Exercise prompt
Write out exactly the lines below starting at the one containing "Fina copa esmerilada" and ending at the one containing "上海美黑店主青筋暴突，翘臀大包把持不住！ - 51虹马". Omit every picture.

Dataset records

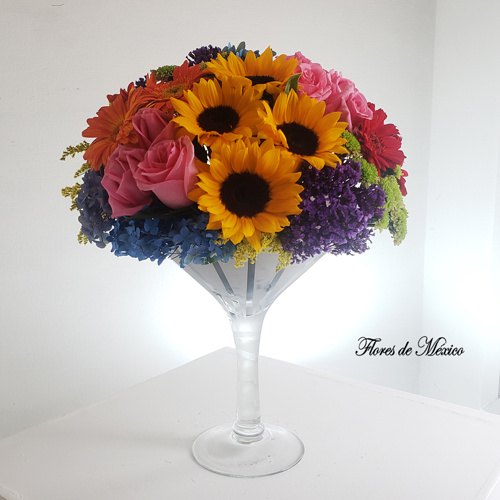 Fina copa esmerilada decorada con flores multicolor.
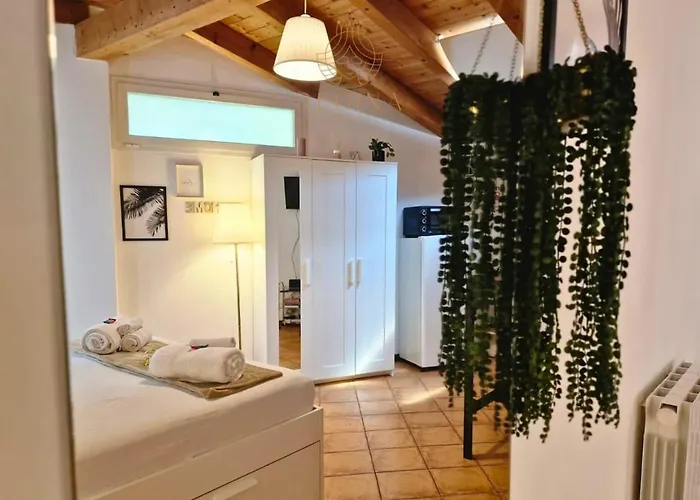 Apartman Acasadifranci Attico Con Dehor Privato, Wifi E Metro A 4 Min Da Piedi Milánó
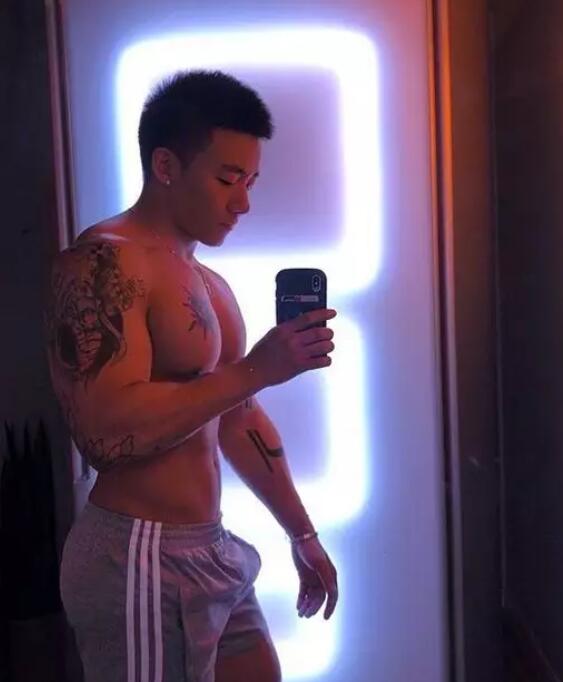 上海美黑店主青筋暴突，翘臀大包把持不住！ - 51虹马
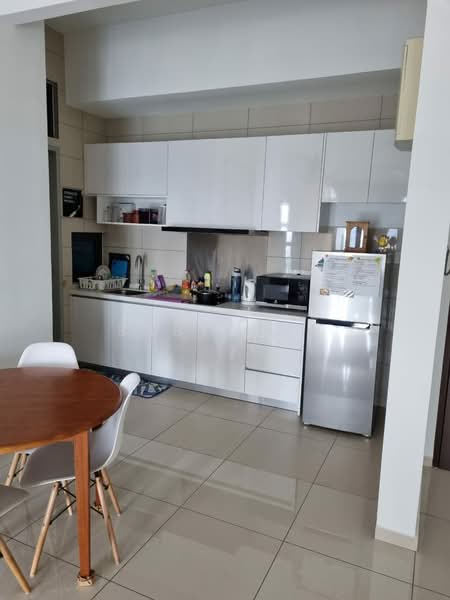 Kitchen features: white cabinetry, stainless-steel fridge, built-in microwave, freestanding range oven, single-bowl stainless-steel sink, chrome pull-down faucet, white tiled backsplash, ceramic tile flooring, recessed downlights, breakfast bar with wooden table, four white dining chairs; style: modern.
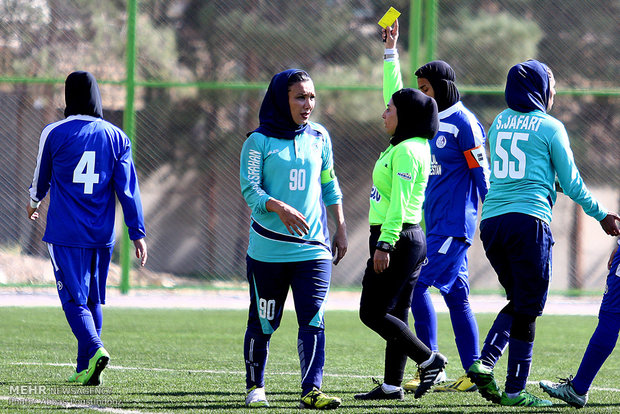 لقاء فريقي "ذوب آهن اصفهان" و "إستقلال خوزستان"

---

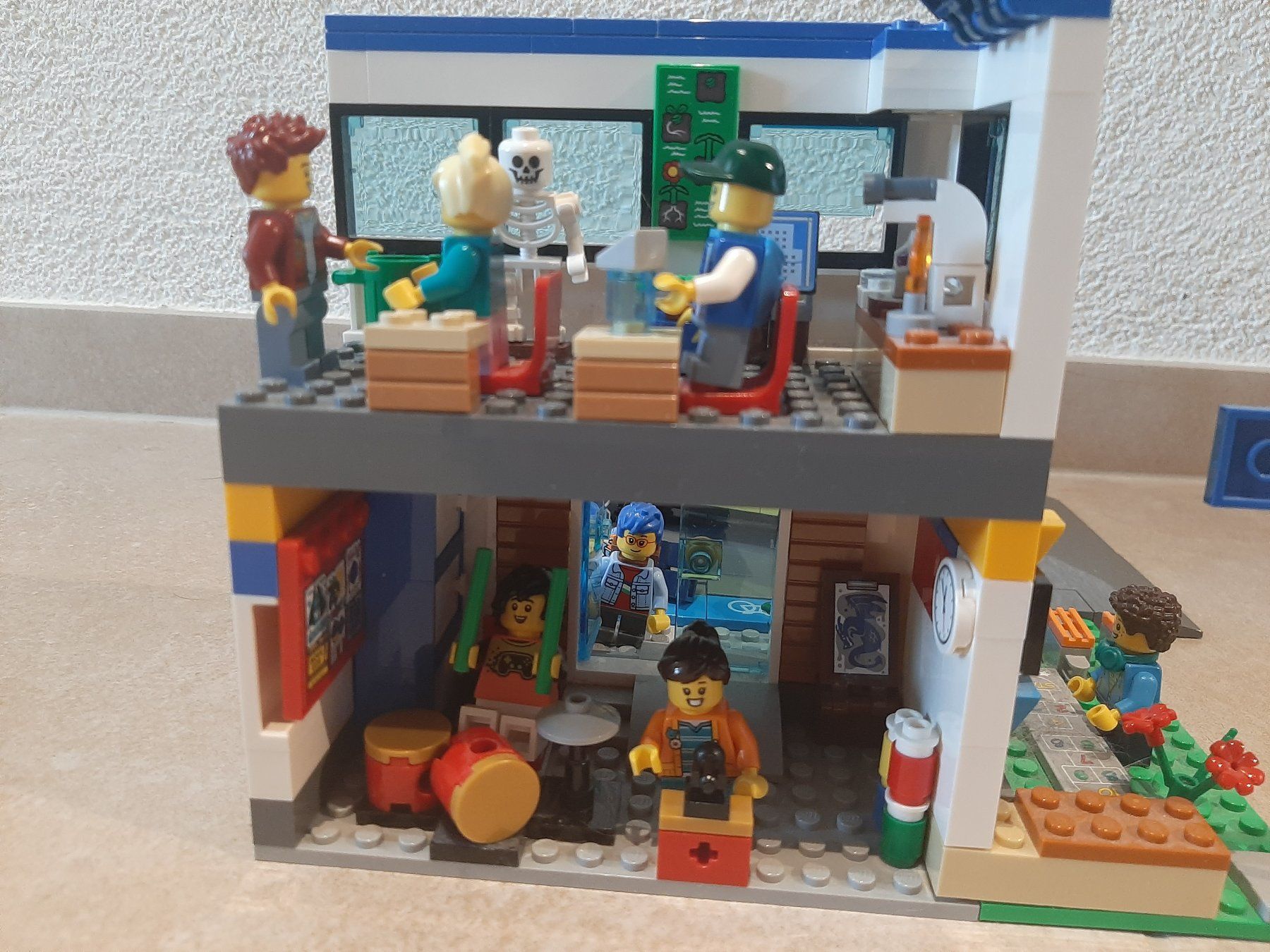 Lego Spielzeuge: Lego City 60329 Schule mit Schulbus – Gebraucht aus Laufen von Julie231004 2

Task result
 Fina copa esmerilada decorada con flores multicolor.
 Apartman Acasadifranci Attico Con Dehor Privato, Wifi E Metro A 4 Min Da Piedi Milánó
 上海美黑店主青筋暴突，翘臀大包把持不住！ - 51虹马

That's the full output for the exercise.